§ Material supplied:
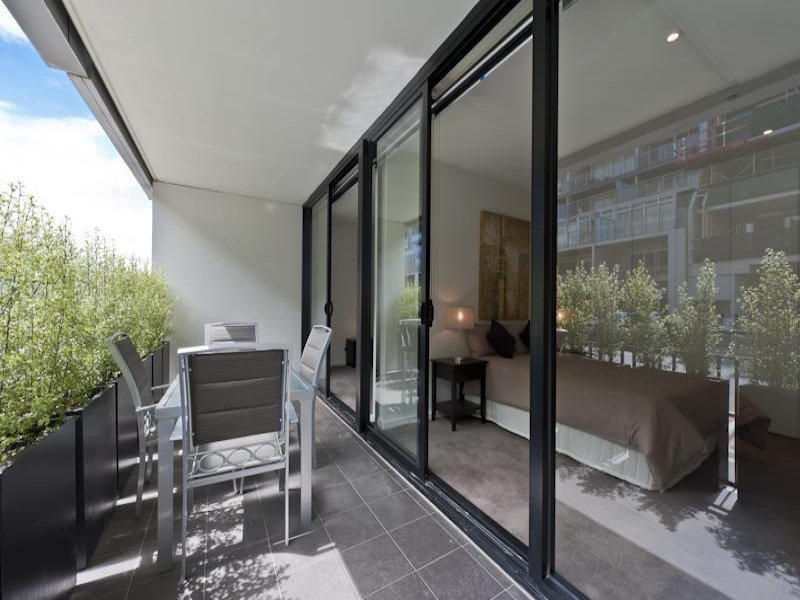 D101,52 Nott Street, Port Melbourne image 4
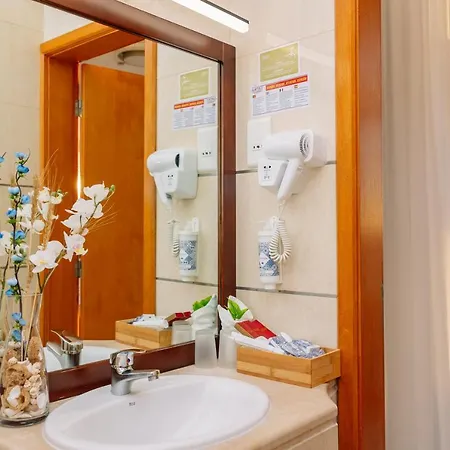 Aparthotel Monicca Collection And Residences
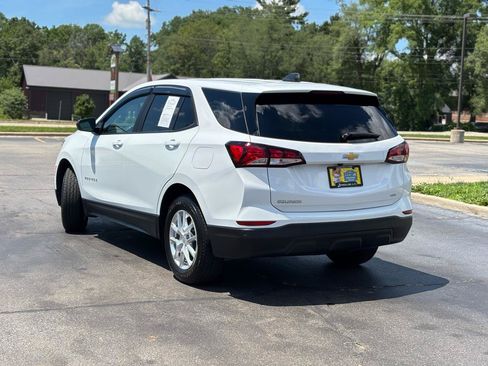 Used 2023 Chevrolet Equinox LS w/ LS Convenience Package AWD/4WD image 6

--

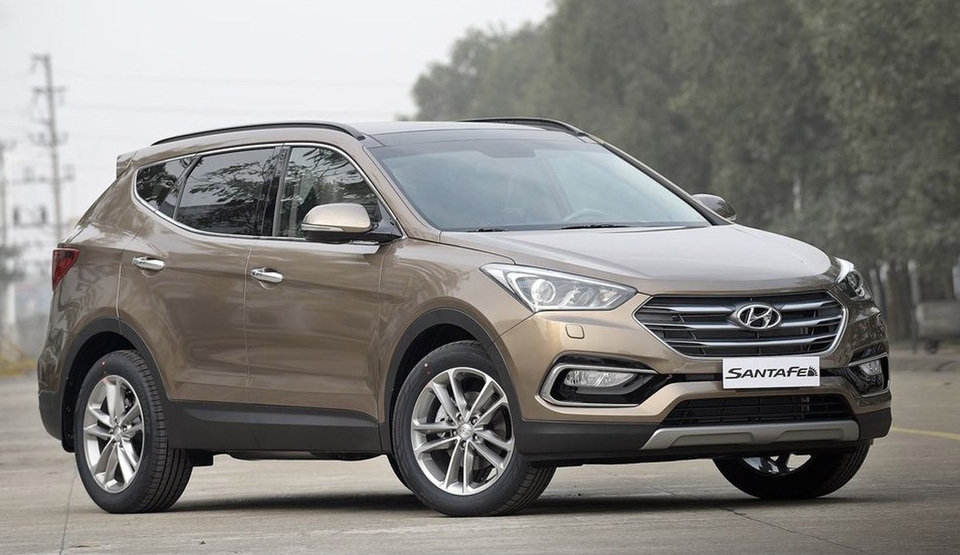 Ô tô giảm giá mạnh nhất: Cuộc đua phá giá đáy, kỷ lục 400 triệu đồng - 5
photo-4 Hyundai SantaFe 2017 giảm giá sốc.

§ Task description: Could the stretch from the line with "Ô tô giảm giá" through the line with "photo-4 Hyundai SantaFe 2017 giảm giá sốc." in the listing above be restated word for word, minus the pictures?

§ Response to this task:
 Ô tô giảm giá mạnh nhất: Cuộc đua phá giá đáy, kỷ lục 400 triệu đồng - 5
photo-4 Hyundai SantaFe 2017 giảm giá sốc.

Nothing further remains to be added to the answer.